- **WORK TO COMPLETE**: Your task is to repeat exactly the lines from the one with "this 650×433 image." through the end of the records, both included; please leave the pictures out.

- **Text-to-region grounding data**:
____________________

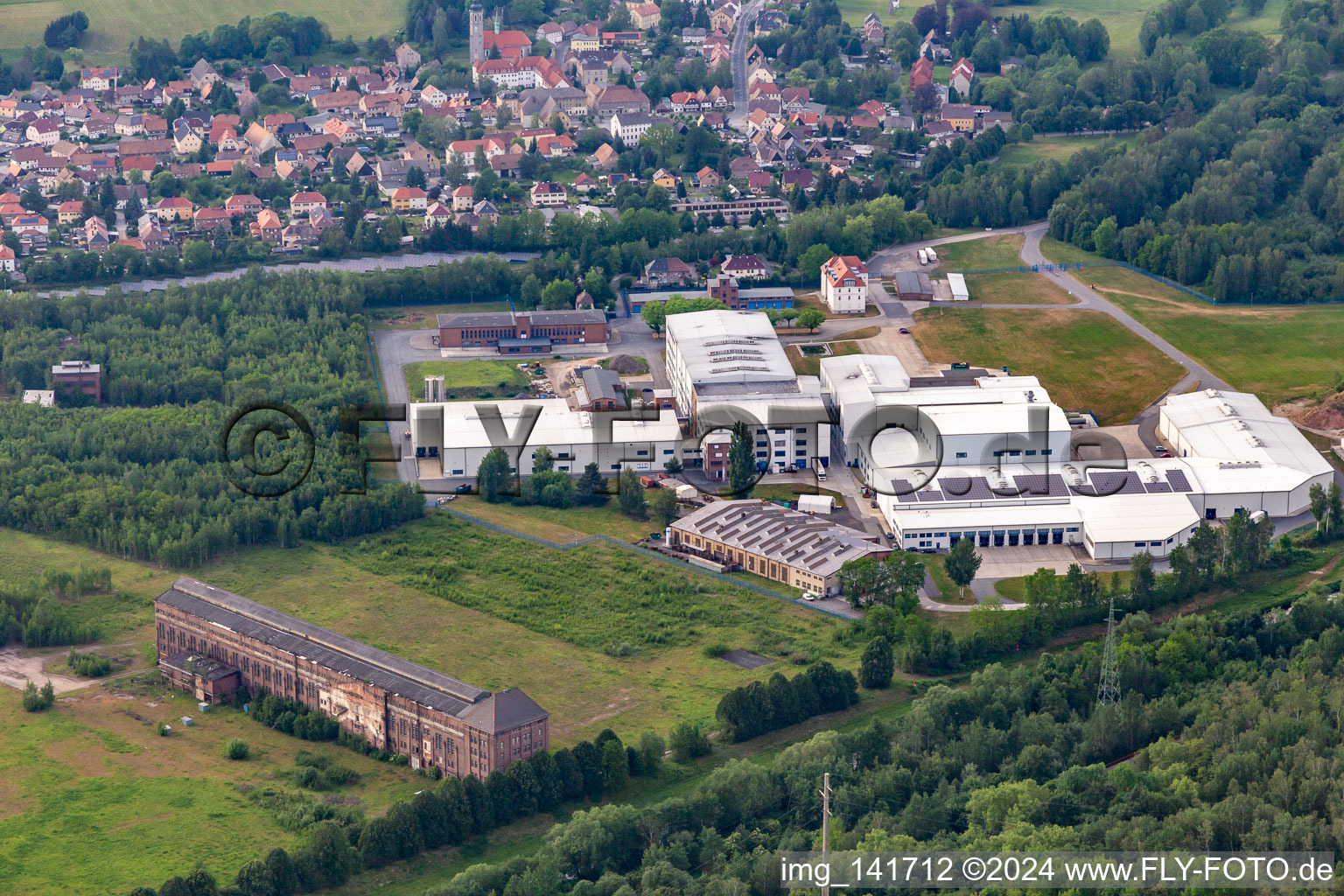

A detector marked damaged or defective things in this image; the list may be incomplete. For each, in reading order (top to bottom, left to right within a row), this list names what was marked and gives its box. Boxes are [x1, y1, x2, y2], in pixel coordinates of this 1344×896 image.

brick building with broken windows [158, 583, 550, 779]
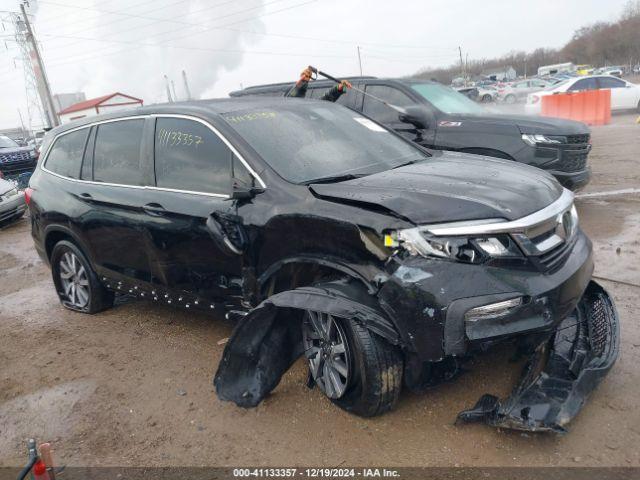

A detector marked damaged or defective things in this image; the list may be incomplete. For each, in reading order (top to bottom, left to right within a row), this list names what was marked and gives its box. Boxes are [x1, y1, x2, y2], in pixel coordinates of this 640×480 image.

crumpled front hood [450, 112, 592, 135]
crumpled front hood [310, 152, 564, 227]
broken headlight assembly [388, 228, 524, 262]
crushed fender [212, 282, 398, 408]
damaged front bumper [458, 282, 616, 436]
detached bumper piece on ground [458, 282, 616, 436]
crushed fender [460, 280, 620, 434]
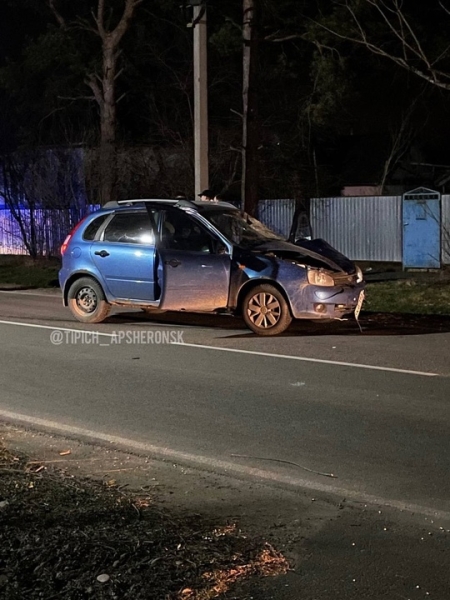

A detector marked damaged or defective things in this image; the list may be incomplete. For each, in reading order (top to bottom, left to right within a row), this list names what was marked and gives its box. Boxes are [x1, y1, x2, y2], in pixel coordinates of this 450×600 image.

damaged blue car [59, 198, 366, 336]
crumpled hood [251, 239, 354, 274]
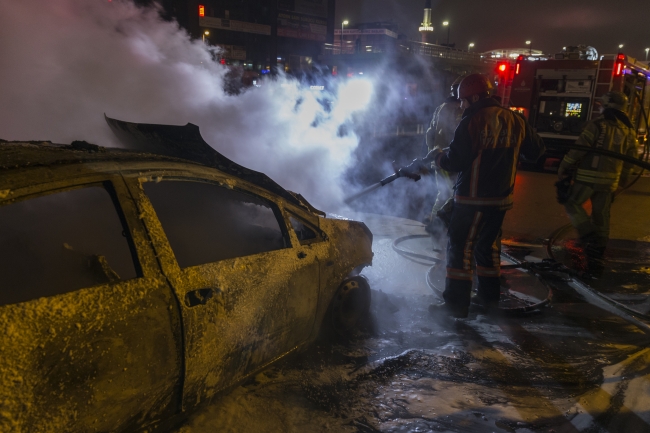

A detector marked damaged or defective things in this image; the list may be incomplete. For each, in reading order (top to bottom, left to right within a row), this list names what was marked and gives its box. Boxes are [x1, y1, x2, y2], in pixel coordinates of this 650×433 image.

charred car body [0, 117, 370, 428]
burned car [0, 118, 372, 432]
burnt car frame [0, 120, 372, 430]
burnt tire [330, 276, 370, 336]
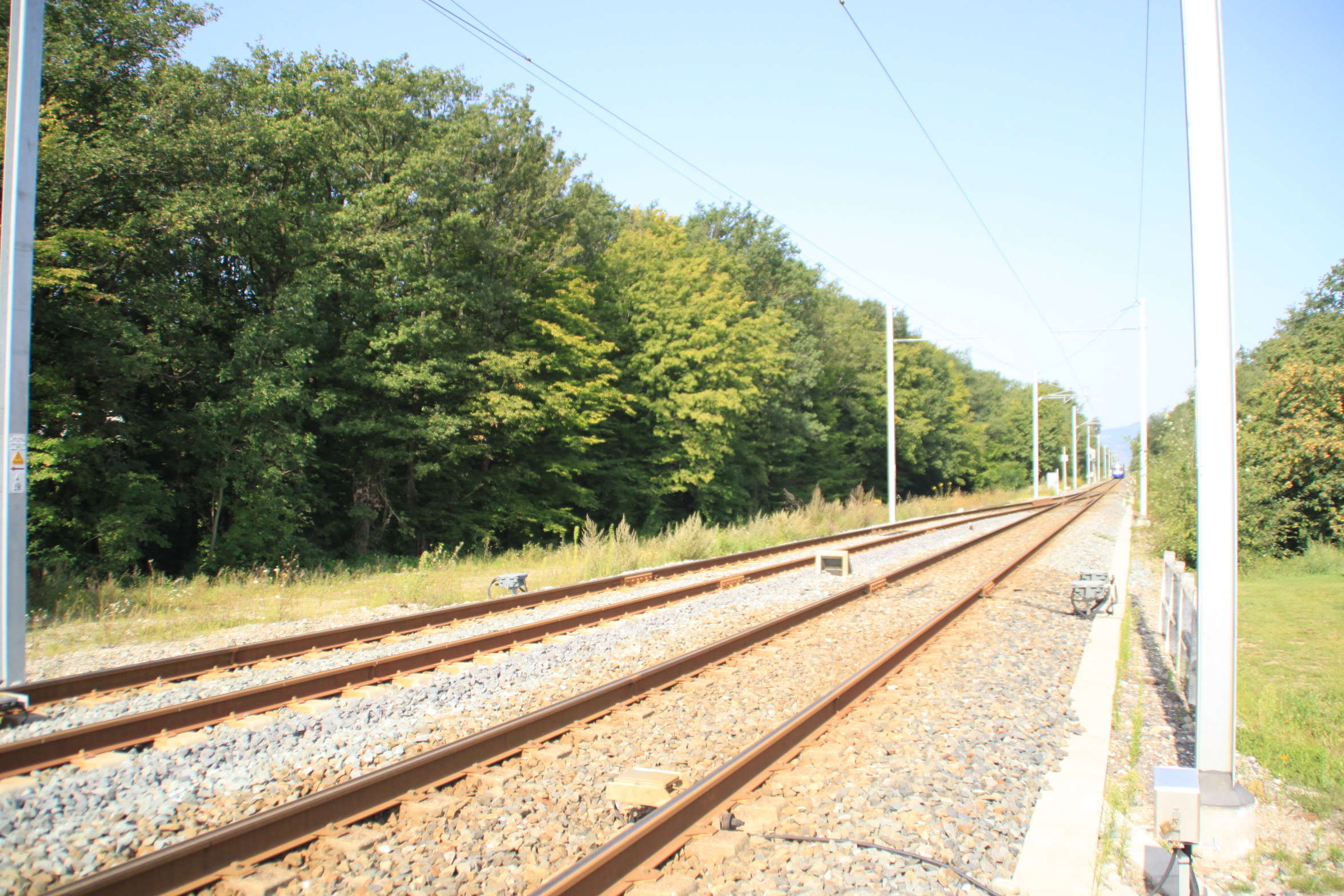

____________________

- **ANSWER AREA**:
A detector marked damaged or defective things in this image; the list may be incomplete. For each, in reading order (top to bottom, left to right within a row), this list names what was marked and gives its box. Boxes are [x1, y1, x2, y2], in pixel coordinates of this 650×433 image.

charred car body [0, 117, 370, 428]
burned car [0, 118, 372, 432]
burnt car frame [0, 120, 372, 430]
burnt tire [330, 276, 370, 336]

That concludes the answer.